Quest’anno non c’è stata eccezione.
Migliaia di persone – fonti ufficiali parlano di circa 15mila -, moltissime a cavallo o con i wagon trainati dai loro gipsy vanner si sono dati appuntamento nella cittadina del Cumbria e hanno dato vita a un evento strepitoso per alcuni. Una scellerata riunione per altri.
Il tema della cultura dei caminanti e dei tinkers è sicuramente un focus.
Il loro modo tradizionale di concepire i cavalli – con quella cultura fatta di passaparola di padre in figlio – è un altro punto.

In entrambi i casi, tutto contrasta con molti dei principi che governano la società britannica e la cultura più prettamente ‘estabishment’ della gestione moderna e del rispetto dei cavalli.
Secondo molti, il sapere equestre dei gipsy non sposa i più moderni criteri di benessere animale. Secondo altri rispecchia la natura più autentica e meno umanizzata dei cavalli. Quella cioè meno adulterata dall’uomo.
Ognuno ha a propria posizione ma ciò non derime il dibattito.
La fiera di Appleby è sicuramente un retaggio tradizionale importante per una comunità molto numerosa. I gipsy hanno una storia equestre antichissima. E indubbiamente l’evento crea – al di là del colore – un gran movimento nel piccolo paese britannico.
Però… accanto alle decine di cavalieri e amazzoni che fanno il tradizionale bagno con i cavalli nel fiume ci sono aspetti della fiera assai meno coreografici e difficili da argomentare.

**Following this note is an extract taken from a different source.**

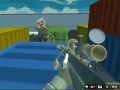 Ойын Shooting Blocky Combat Swat Gungame Survival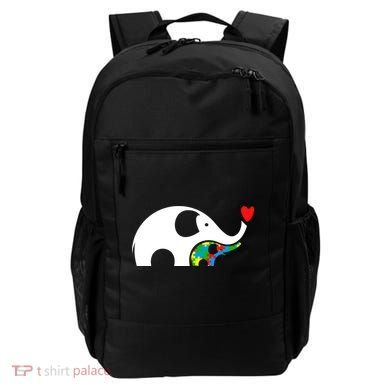 Autism Awareness Mother Baby Elephant  Backpack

Il raduno non-organizzato di Abbleby è la principale attività annuale per la polizia del luogo. Quest’anno ci sono stati 123 arresti per vari reati, tra i quali il classico drink&drug&drive e un caso di un pugno dato a un cavallo. Sono state elevate 370 multe. Requisiti 12 veicoli, tra rubati, privi di assicurazione e lasciati in luoghi pericolosi. E i vigili del fuoco hanno dovuto intervenire per spegnere il pericoloso incendio di un piccolo caravan proprio nel cuore del campo che avrebbe potuto trasformare la festa in tragedia.
La Royal Society for the Prevention of Cruelty to Animals (RSPCA), ente di tutela molto attivo in Gran Bretagna, ha eseguito 372 interventi durante la Fiera, dato migliore rispetto all’anno scorso, quando erano stati eseguiti 438 interventi.

Nei 372 interventi, l’RSPCA ha emesso 18 richiami ufficiali, prelevato, trattato e restituito ai proprietari 14 cavalli, due dei quali sono sotto monitoraggio. Altri 6 cavalli sono stati semplicemente abbandonati e presi in carico dall’associazione. Due cavalli, seppur con il consenso dei proprietari, hanno dovuto essere sottoposti a eutanasia in quanto la loro condizione di salute è risultata irrecuperabile.
E tutto ciò, francamente è davvero poco romantico…
1.307 roulotte e carri presenti sono sicuramente una massa critica da fronteggiare, ma una festa equestre tradizionale merita di lasciare dietro di sé qualcosa di diverso da quello che ha testimoniato la stampa britannica.
E forse è venuto anche il momento che l’antica tradizione gipsy faccia qualche aggiornamento. A beneficio dei cavalli.